Thursday, 9 March 2017


Nicholas van Rijn quotes Shakespeare. See here.

"'"We have fed our sea for a thousand years
And she calls us still unfed,
Though there's never a wave of all her waves
But marks our English dead..."'"
-Poul Anderson, The Enemy Stars (London, 1979), Chapter 18, p. 141.

It is Kipling. See here.

"...Nigel said stoutly. 'And there's nothing more English than leaving England and finding land elsewhere.'"
-SM Stirling, The Protector's War (New York, 2006), Chapter One, p. 50.

Sir Nigel's man, Hordle, later explains:

"'Well, it's how we got England in the first place, innit?'" (Chapter Eight, p. 237)

"...innit?" means "is it not?" and is now faithfully reproduced by immigrants learning English.

IF I should die, think only this of me;
  That there's some corner of a foreign field
That is for ever England.
-copied from here.

I was born and live in the North West of England and have a British passport. My father was English but my mother was from the West of Ireland. I attended boarding school, then University, in the Republic of Ireland and learned of a different attitude to England within these islands. At school, we learned a poem which included the line:

Sasanaigh a leidhbfinn mar a leidhbfinn seanabhróg
-copied from here

 - meaning:

"I'd throw out the English like I'd throw out an old boot."

When Nelson's Column in O'Connell St, Dublin, was destroyed by a bomb, a popular song exulted:

The (G)Irish population came from miles around
To (C)see the English hero (G)lying on the ground
-copied from here (I think that the bracketed letters are musical chords)

When the British introduced internment without trial in Northern Ireland, another popular song protested:

round the world the truth will echo
cromwell's men are here again
england's name again is sullied
in the eyes of honest men
-copied from here

"The curse of Cromwell" is the worst thing that you can say in the Republic.

I like living in England and speaking and writing in this language but I do not identify with everything that is labeled "English."


Sean M. Brooks said...

Kaor, Paul!

Too true, what you said about the hatred many of the Irish still have for the English. The English showed themselves at their very worse in Ireland. I would put that down to the anti-Catholic Penal Laws and the tyranny and cruelty of Cromwell.

I can't help but wonder what might have happened if the police state terrorism of Elizabeth I had not firmly implanted Protestantism in England. The Irish and English might have bumped along together not too badly if they had both been Catholic peoples. English rule of Ireland before Elizabeth I was so lax, loose, and slack that there was little cause for mutual irritation by both peoples.


Anonymous said...

Kaor, Sean!

Hmm. I don't have the facts at my fingertips, but I recall reading of some ugly conflict before England became Protestant. Even Catholic Tudors kings wanted to reward their men with land in Ireland, which did not delight the Irish. A man might be a nobleman and a vassal of the English king in English eyes, but a clan chief in his own right, who had the loyalty of his his clansmen and owed them his protection in return, in .Irish eyes. If he chose himself and his clan over his nominal allegiance, he would be at war with his overlord, whatever anyone's religion.

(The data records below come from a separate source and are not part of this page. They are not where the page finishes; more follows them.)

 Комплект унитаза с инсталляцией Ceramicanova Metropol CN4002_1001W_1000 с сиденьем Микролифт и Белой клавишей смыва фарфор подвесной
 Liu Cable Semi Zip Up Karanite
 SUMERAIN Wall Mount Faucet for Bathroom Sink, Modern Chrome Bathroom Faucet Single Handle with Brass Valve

The human race is too talented at making a bloody mess of things.

Best Regards,
Nicholas D. Rosen

Sean M. Brooks said...

Kaor, Nicholas!

Of course I agree with your last comment about humans being too talented at mucking up things!

And, yes, there was conflict between the Irish and English before Bad Queen Bessie's time. But I would call that a more or less normal kind of conflict between human beings, when not INFLAMED for ideological or religious reasons.

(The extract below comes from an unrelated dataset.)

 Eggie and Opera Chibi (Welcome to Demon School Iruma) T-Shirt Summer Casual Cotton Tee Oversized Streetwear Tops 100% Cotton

And English rule of Ireland before Elizabeth I's reign was "lax, loose, and slack." It became notorious for many pre-Tudor English settlers to go native, to become as Irish as the Irish themselves.

Absent the bitterness of religious persecution by the Protestants and the tyranny and injustices of Cromwell, I can still imagine a Catholic England developing a firm, but not too tight union with a Catholic Ireland. Analogous to how Gaelic Brittany was eventually united to France.